In the midst of this upheaval, Vittorio is seduced by the vampire Ursula, the most beautiful of his supernatural enemies. As he sets out in pursuit of vengeance, entering the nightmarish Court of the Ruby Grail, increasingly more enchanted (and confused) by his love for the mysterious Ursula, he finds himself facing demonic adversaries, war and political intrigue.

Against a backdrop of the wonders--both sacred and profane--and the beauty and ferocity of Renaissance Italy, Anne Rice creates a passionate and tragic legend of doomed young love and lost innocence.

Book Reviews


Good  Booklist
Elegant & sumptuous, and as enjoyable as anything she has written...she provides a vivid picture of Florence in its Golden Age using the sumptuous paintings and architecture of the time as a glorious backdrop to her macabre tale.

Good  Publishers Weekly
Blood and holy water both run thick through the streets of 15th-century Florence in Rice's 21st novel of the undead, the second in a series of New Tales that leave New Orleans's cemeteries behind.
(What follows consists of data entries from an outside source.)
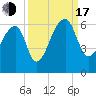 Woodville tide chart for Saturday, September 17, 2022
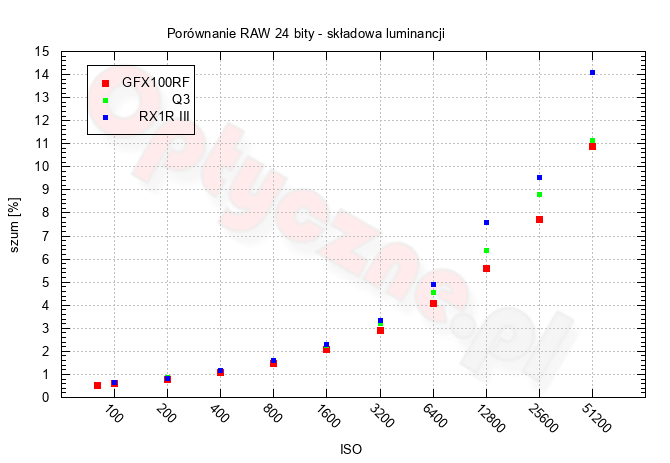 Fujifilm GFX100RF - Właściwości matrycy Fujifilm GFX100RF - Właściwości matrycy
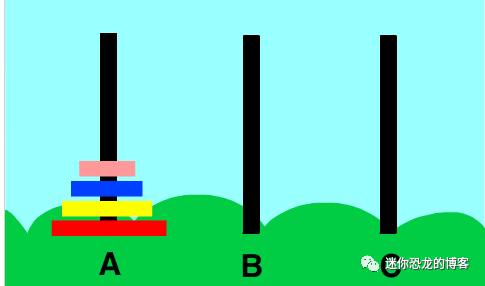 scratch 2.0使用教程之25—汉诺塔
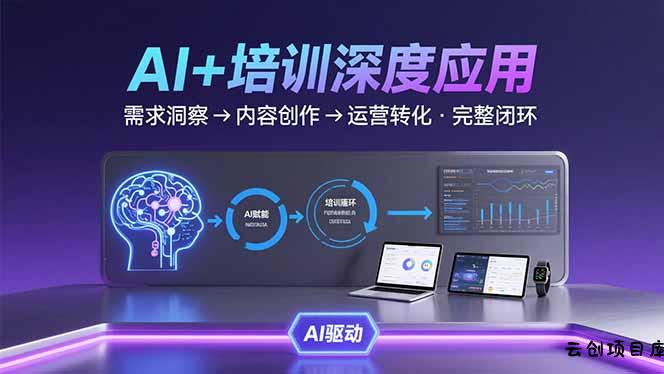 AI技术+培训领域深度应用：需求洞察-内容创作-运营转化  的完整闭环-云创项目库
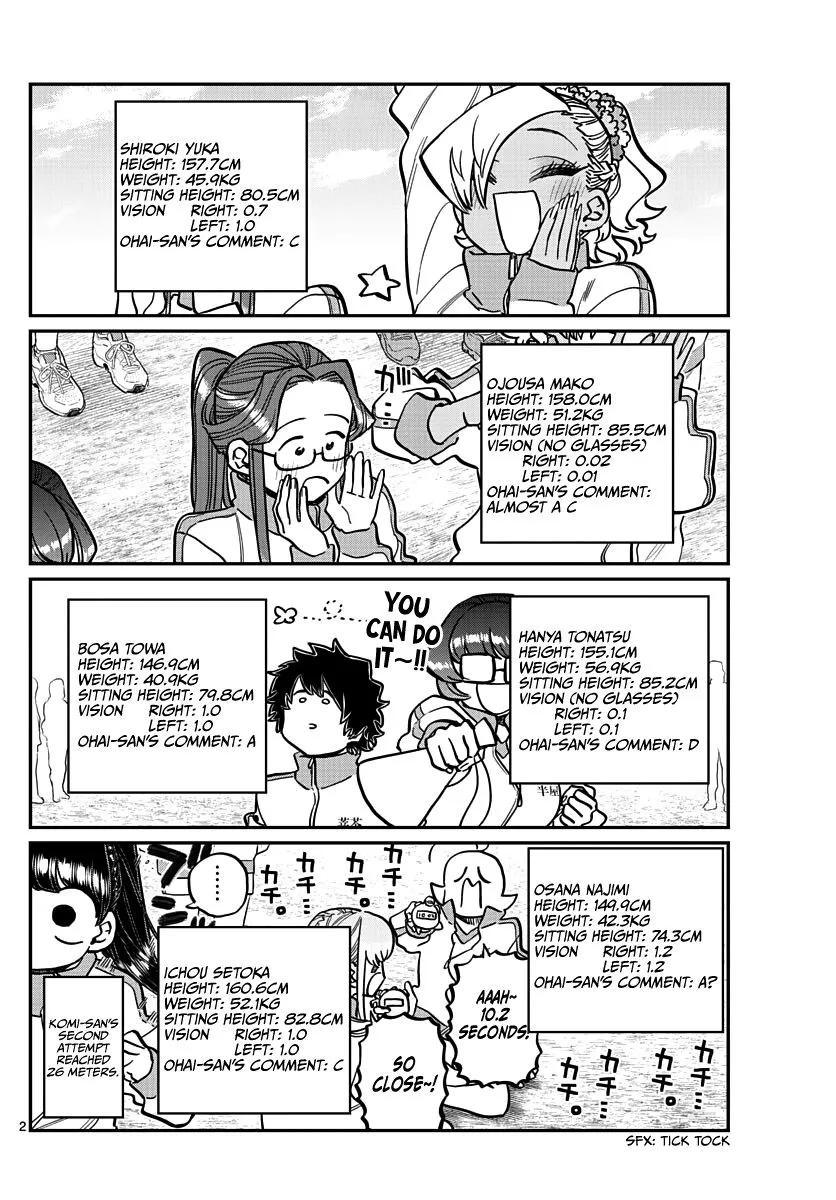 Read Komi-San Wa Komyushou Desu Manga Online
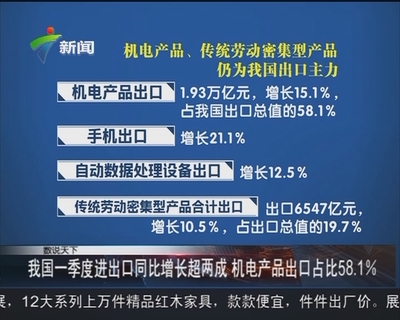 第121届广交会明日开幕 借力"一带一路"战略扩大广交会影响力_大数据 新闻大数据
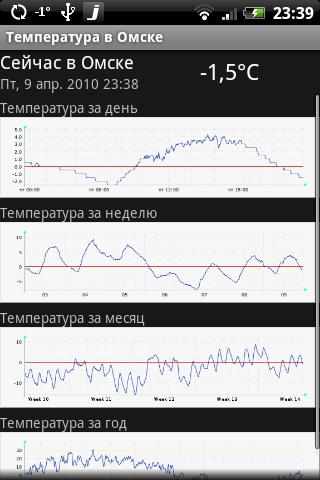 【免費旅遊App】Air temperature in Omsk-APP點子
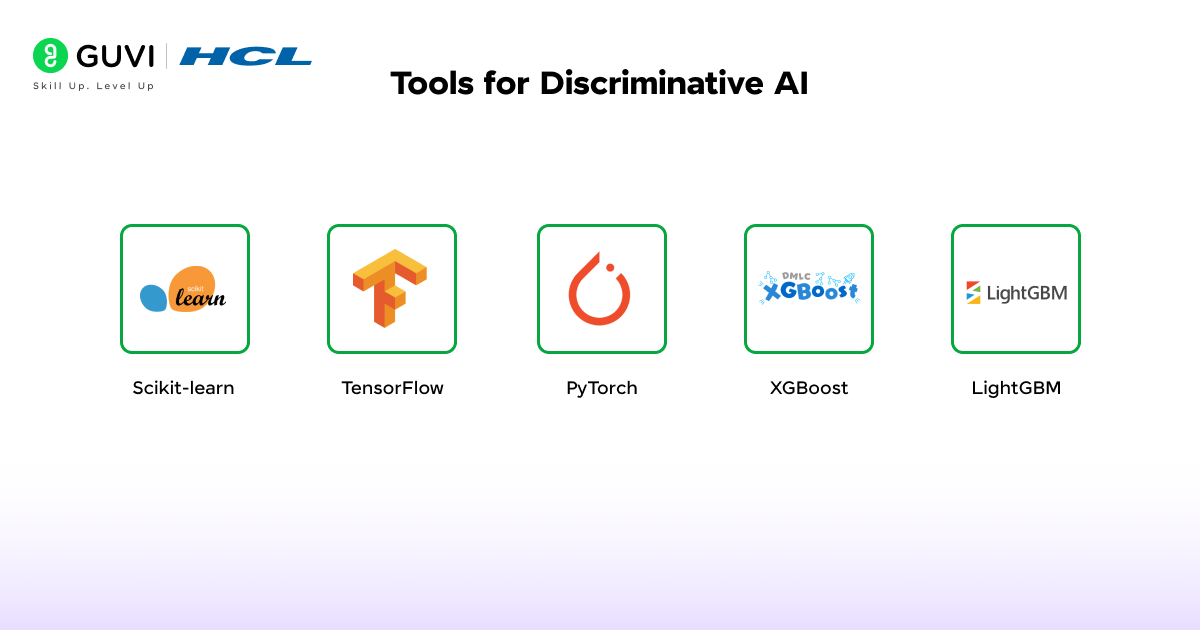 Generative AI vs Discriminative AI: Complete Guide 10 image 276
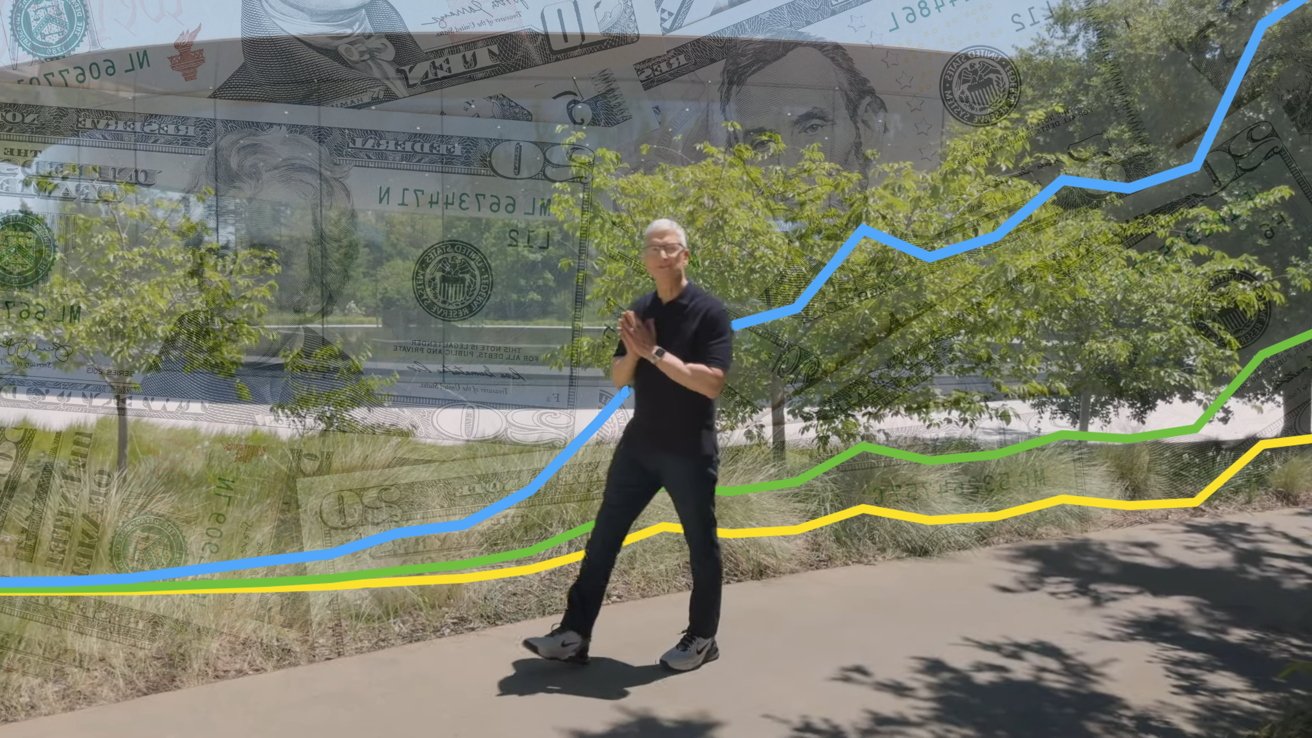 You are currently viewing What to expect from Apple’s Q3 2024 earnings results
While there's not much plot to this lushly described story of how Vittorio di Riniari became a vampire, there's plenty of period detail about Italy's Golden Age.

Good  Library Journal
In addition to Rice's trademark sensuality, a strong current of Christian philosophy drives the plot. This is the second book after Pandora in Rice's "New Tales of the Vampires" series, and it is told in the rhythmic, evocative prose of her best works.